Odevixibat: Synthesis and Application
Jan 16,2024
Synthesis of Odevixibat
Odevixibat is synthesised in two steps by chemical reaction using enfumafungin as a raw material. The specific synthesis steps are as follows:
Step 1: Synthesis of Amine Fragment
To access the first fragment, 2-aminohexanoic acid 12.1 was esterified and treated with benzaldehyde to form imine 12.2, presumably to protect the free nitrogen. Alkylation with n-butyl iodide followed by acidic removal of benzylamine gave amino ester 12.3. Transamidation with aniline and subsequent borane reduction afforded amine fragment 12.4.

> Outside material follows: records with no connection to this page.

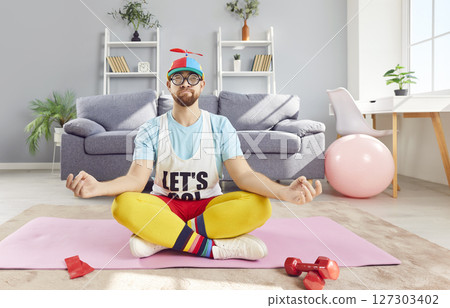 Funny happy sportsman lotus pose doing mind, body meditation, sitting to exercise, playful fitness 127303402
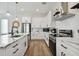 Bright kitchen featuring stainless steel appliances, an island, and pendant lighting at 121 E Warren Ave # 1, Tampa, FL 33602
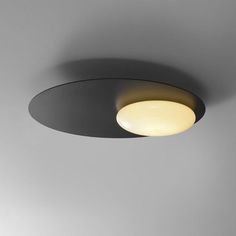 a round light fixture on the ceiling in a room with grey walls and flooring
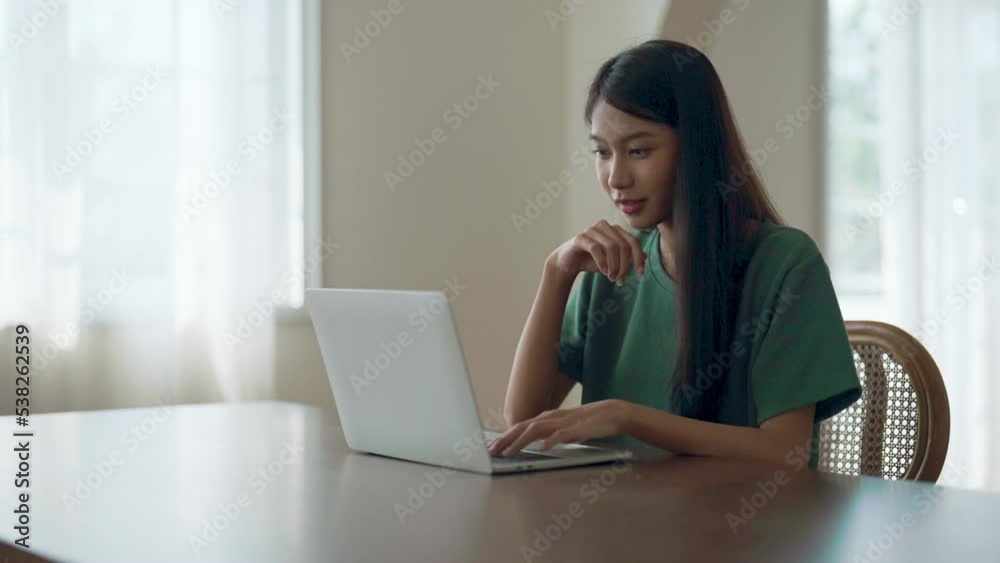 Young asian woman working at home. Female using computer laptop on desk at house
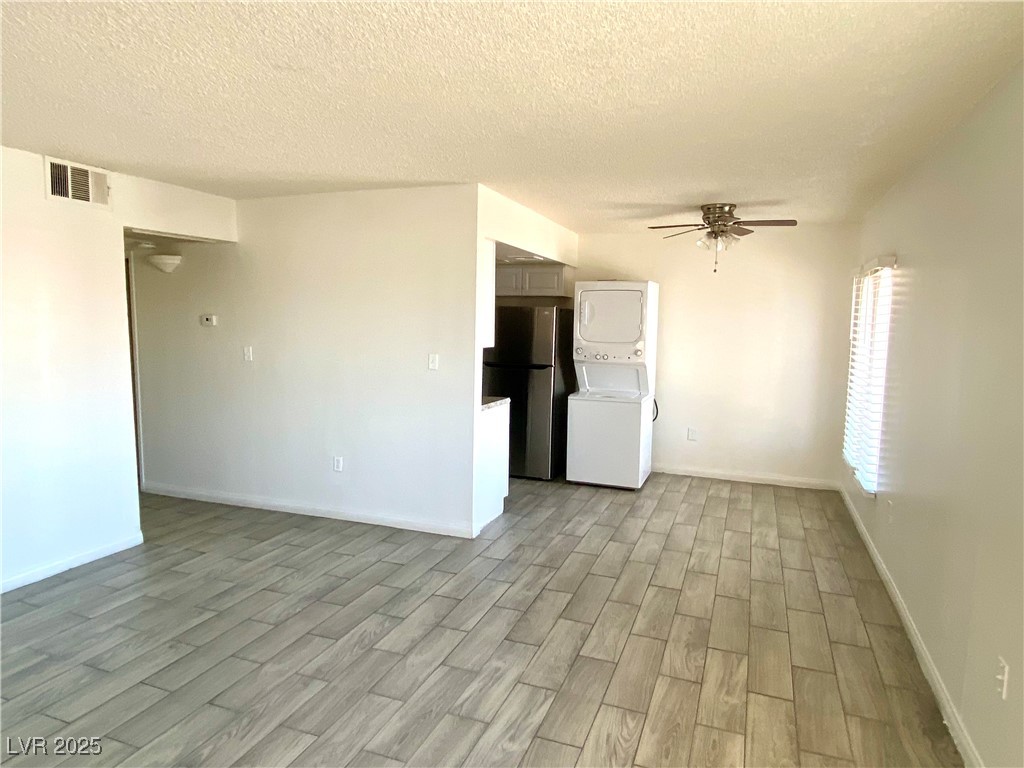 6213 Smoke Ranch Road Las Vegas, NV 89108 - Photo 8 of 22 Unfurnished living room featuring stacked washer and clothes dryer, light wood-style flooring, ceiling fan, and a textured ceiling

Step 2: Preparation of Odevixibat
Bis-bromination of 3-thioanisole 12.5 with bromine in MeOH afforded the dibrominated disulfide 12.6, which was subjected to a one-pot oxidative conversion to sulfonyl chloride 12.7 in good yield. An SN2 reaction between tertiary amine 12.4 and aryl sulfonyl chloride 12.7 gave 12.8, which underwent ring formation by treatment with copper powder and K2CO3 in DMF. Protection of the sulfonamide nitrogen with para-methoxybenzyl bromide preceded demethylation and installation of thioether via SNAr to afford phenol 12.10. The peptidic side chain was then constructed, beginning with O-alkylation with t-butylbromoacetate, followed by protecting group removal under acidic conditions to afford 12.11. Two consecutive amidation reactions were performed with activator TBTU. Amine 12.12 was coupled to 12.11, followed by removal of the t-butyl group with TFA. The second amidation with amine 12.14 followed by in situ removal of the t-butyl group delivered odevixibat in 66% yield.
Application of Odevixibat
Odevixibat is a once-daily small-molecule inhibitor of the ileal bile acid transporter. The drug was developed by Albereo Pharma, Inc. and approved for the treatment of various cholestatic diseases such as progressive familial intrahepatic cholestasis (PFIC), bilary atresia, and Alagille syndrome. Cholesteric liver disease can occur when impaired bile formation and/or flow results in accumulation of bile components within the liver, resulting in liver inflammation, fibrosis, and liver injury. These disease states can lead to jaundice, general fatigue, and pruritus, and in many cases liver transplant is required.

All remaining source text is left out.